Ses proches demandent qu’il puisse purger sa peine en France, car son état de santé s’est considérablement détérioré.

De très rares contacts téléphoniques et pas vraiment de nouvelles récentes. A part une photo. Celle d’un homme barbu, à la mine fatiguée, au sourire qu’on sent forcé. C’est tout ce que la famille de Sapa Lavelua a pour se raccrocher à cet homme qui croupit depuis quatre ans dans les geôles de Hanoï, au Vietnam, après une condamnation pour escroquerie. Un faux pas dans un parcours singulier qui l’a mené de Nouméa aux Etats-Unis en passant par Castres, avant d’atterrir dans le Sud-Est asiatique. Aujourd’hui, les proches de ce Wallisien ayant grandi en Nouvelle-Calédonie ne contestent pas la condamnation dont il a été l’objet. Mais ils cherchent à attirer l’attention des autorités consulaires sur l’urgence de sa situation sanitaire. « Son diabète et sa faiblesse physique menacent directement sa vie », s’inquiète sa nièce, Virginie. Ce solide Wallisien, « au caractère fort », selon sa fille Marie, est arrivé à Nouméa à trois ans. « Il a grandi ici, raconte sa nièce Virginie, avant de rejoindre la Métropole à 18 ans pour s’engager dans l’armée. » Il a effectué une bonne partie de sa carrière au 8e RPIMa de Castres et a eu l’occasion de connaître tous les théâtres d’opération africains. « Djibouti, le Tchad, le Gabon, la Côte-d’Ivoire », énumère sa fille Marie, qui s’est elle-même engagée dans l’armée. Après l’armée, c’est le temps de la reconversion. Sapa a monté sa société d’import-export. « Il faisait un peu de tout, du poisson au pétrole », confie sa fille Marie. Des activités qui l’ont amené jusqu’au Vietnam, où il s’est mis en cheville avec des affairistes locaux. « Mais il est tombé sur des associés véreux, assurent ses proches. Il a fait signer des faux contrats. Il s’est fait doubler par ces personnes peu recommandables. »

Sapa a perdu entre quarante et cinquante kilos depuis qu’il est incarcéré.

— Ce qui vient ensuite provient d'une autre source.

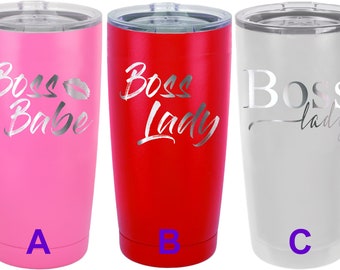 Sublimation Tumbler Boss BabeTumbler Epoxy Free Tumbler 20 oz Stainless Steel Tumbler Pink Geode Tumbler 20 oz Skinny Tumbler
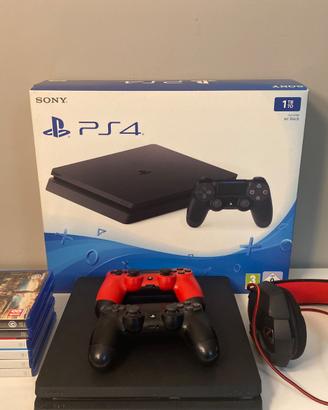 PS4 1TB + 2 controller + cuffie + 6 giochi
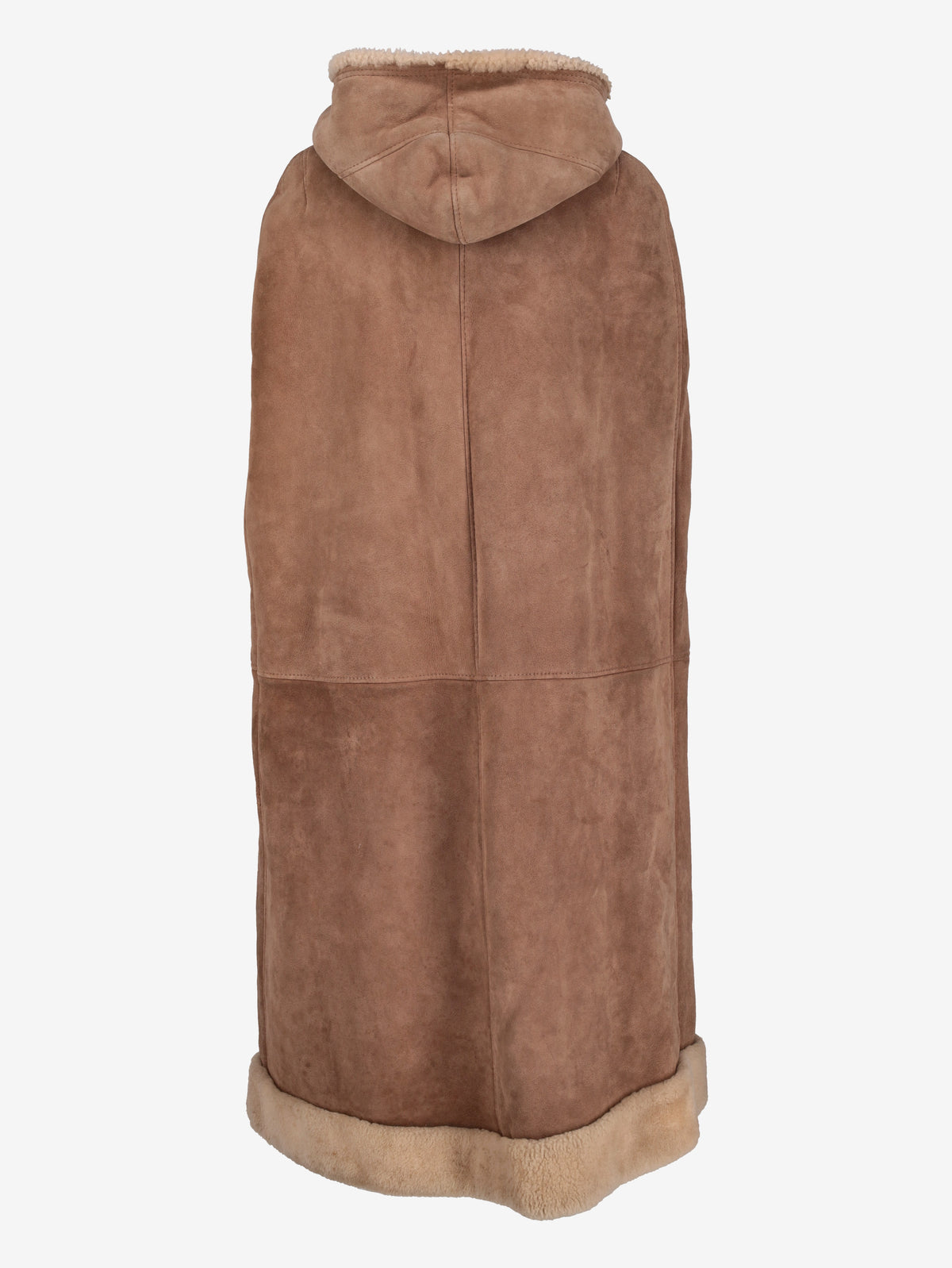 Vintage Shearling Hooded Cape B4925.1  Ritz Saddler 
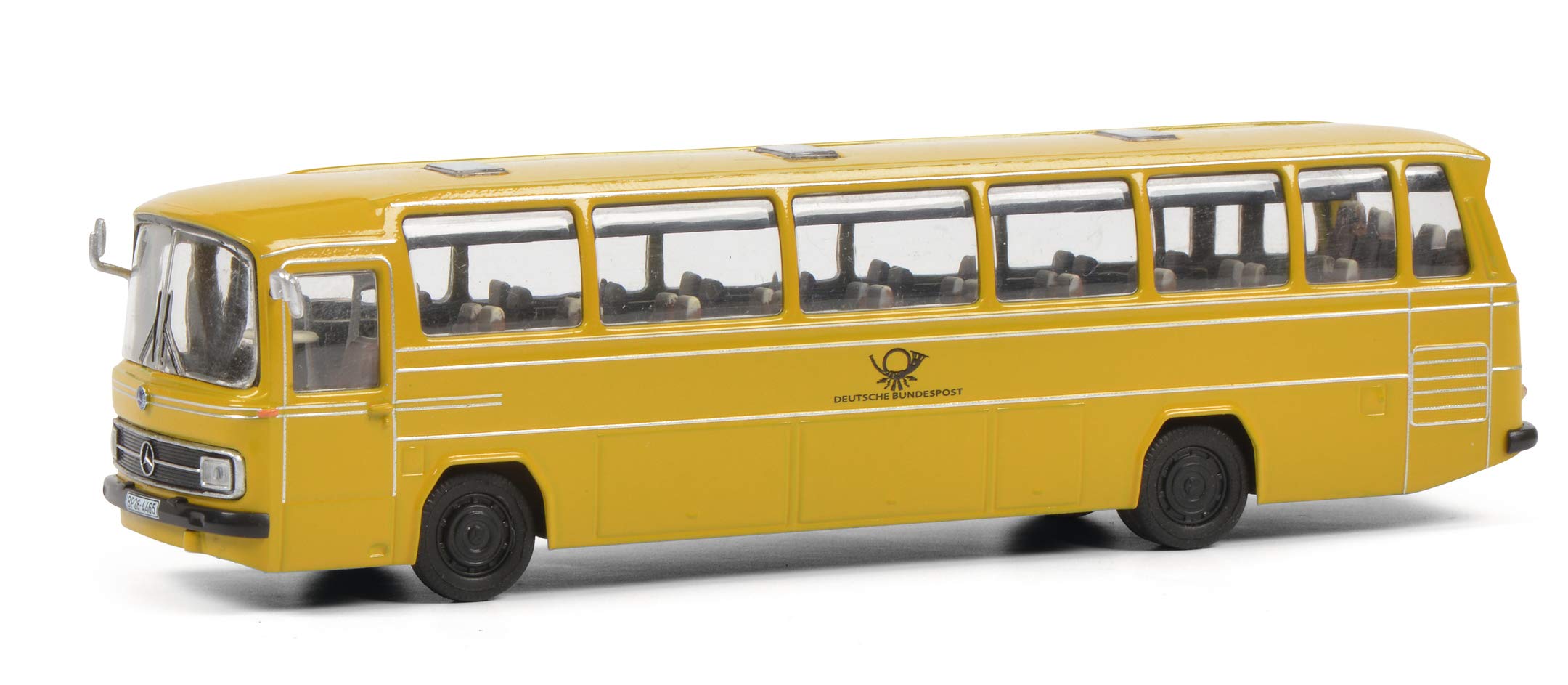 schuco-edition-mercedes-o302-post-bus-modellauto-gelb-1-87 image 1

En août 2005, il a ainsi été condamné pour escroquerie à perpétuité par le tribunal populaire de Hanoï, indique une synthèse de presse du consulat général de France à Ho Chi Minh Ville. Ses deux complices ont quant à eux été condamnés à 10 et 17 ans de prison. « En avril 2002, précise le document, il s’était fait passer pour le directeur général de deux groupes financiers internationaux, PPI basé au Nevada (Etats-Unis) et Luita Holding, en France, ainsi que pour le président de l’organisation Afrique-Europe pour le développement de l’éducation et de la réintégration. Il avait extorqué plus de 360 000 euros (43 millions de francs) à des investisseurs locaux. » « Au cours de ce procès, il a été jugé sans avocat, indique sa nièce Virginie. Il a fait appel et sa peine a été ramenée à vingt ans de travaux forcés. » Mais à 56 ans, son état de santé inquiète sa famille. « Il est diabétique, il a de l’arthrose aux genoux et a perdu entre quarante et cinquante kilos, précise encore Virginie. Il a constamment besoin de soins. C’est pour cela que nous lui envoyons régulièrement de l’argent, par l’intermédiaire de l’ambassade de France. La photo qu’il nous a fait parvenir nous inquiète sur son état de santé. » Si sa famille ne remet pas en cause la condamnation, elle ne souhaite qu’une seule chose : qu’il puisse purger le reste de sa peine en France, où il aurait la possibilité d’être réellement suivi par un service de santé. Des démarches ont été effectuées auprès des autorités consulaires. Sa famille ne souhaite qu’une chose : qu’elles aboutissent rapidement.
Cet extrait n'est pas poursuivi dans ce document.